> _GIVEN ENTRIES_
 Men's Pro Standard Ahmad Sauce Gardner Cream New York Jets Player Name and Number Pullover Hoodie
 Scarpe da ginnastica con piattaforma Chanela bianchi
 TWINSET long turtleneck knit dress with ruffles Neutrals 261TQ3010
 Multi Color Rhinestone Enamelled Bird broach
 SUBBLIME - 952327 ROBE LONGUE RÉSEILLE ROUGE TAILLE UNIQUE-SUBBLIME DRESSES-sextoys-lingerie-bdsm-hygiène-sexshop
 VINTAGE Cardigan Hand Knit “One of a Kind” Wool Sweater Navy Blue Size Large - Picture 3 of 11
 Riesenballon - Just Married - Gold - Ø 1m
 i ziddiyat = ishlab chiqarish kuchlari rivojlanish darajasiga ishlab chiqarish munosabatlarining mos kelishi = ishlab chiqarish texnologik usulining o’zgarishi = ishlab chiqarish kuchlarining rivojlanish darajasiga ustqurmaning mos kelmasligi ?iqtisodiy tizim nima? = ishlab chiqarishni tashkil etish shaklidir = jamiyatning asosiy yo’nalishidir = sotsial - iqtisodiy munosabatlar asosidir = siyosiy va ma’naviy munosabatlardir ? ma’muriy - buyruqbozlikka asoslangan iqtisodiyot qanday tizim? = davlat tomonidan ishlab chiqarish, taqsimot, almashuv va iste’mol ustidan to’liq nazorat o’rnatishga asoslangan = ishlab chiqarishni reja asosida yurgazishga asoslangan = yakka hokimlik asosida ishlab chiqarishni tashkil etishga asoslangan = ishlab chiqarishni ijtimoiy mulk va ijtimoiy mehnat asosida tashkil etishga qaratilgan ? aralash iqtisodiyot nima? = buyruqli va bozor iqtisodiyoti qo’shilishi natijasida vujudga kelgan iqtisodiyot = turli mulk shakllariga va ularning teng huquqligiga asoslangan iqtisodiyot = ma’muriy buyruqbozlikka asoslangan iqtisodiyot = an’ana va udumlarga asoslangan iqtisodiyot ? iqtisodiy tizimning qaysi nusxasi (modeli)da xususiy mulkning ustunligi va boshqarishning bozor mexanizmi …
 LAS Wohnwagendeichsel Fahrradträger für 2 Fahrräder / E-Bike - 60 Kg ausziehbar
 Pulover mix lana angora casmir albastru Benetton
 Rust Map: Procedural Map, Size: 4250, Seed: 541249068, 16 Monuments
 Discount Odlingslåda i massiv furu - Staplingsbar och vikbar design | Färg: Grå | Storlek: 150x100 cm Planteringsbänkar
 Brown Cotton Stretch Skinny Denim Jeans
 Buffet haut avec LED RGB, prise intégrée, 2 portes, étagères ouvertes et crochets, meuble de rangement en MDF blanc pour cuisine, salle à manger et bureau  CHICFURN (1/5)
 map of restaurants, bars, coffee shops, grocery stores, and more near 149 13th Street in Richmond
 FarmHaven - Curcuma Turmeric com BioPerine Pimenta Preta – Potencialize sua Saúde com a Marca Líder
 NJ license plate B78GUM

> _WHAT THE EXERCISE ASKS_
In the material above, find the line containing "SUBBLIME - 952327" and the line containing "Riesenballon - Just Married - Gold - Ø 1m", then write out exactly those two lines and every line between them, and nothing more.

> _RESULT OF THIS EXERCISE_
 SUBBLIME - 952327 ROBE LONGUE RÉSEILLE ROUGE TAILLE UNIQUE-SUBBLIME DRESSES-sextoys-lingerie-bdsm-hygiène-sexshop
 VINTAGE Cardigan Hand Knit “One of a Kind” Wool Sweater Navy Blue Size Large - Picture 3 of 11
 Riesenballon - Just Married - Gold - Ø 1m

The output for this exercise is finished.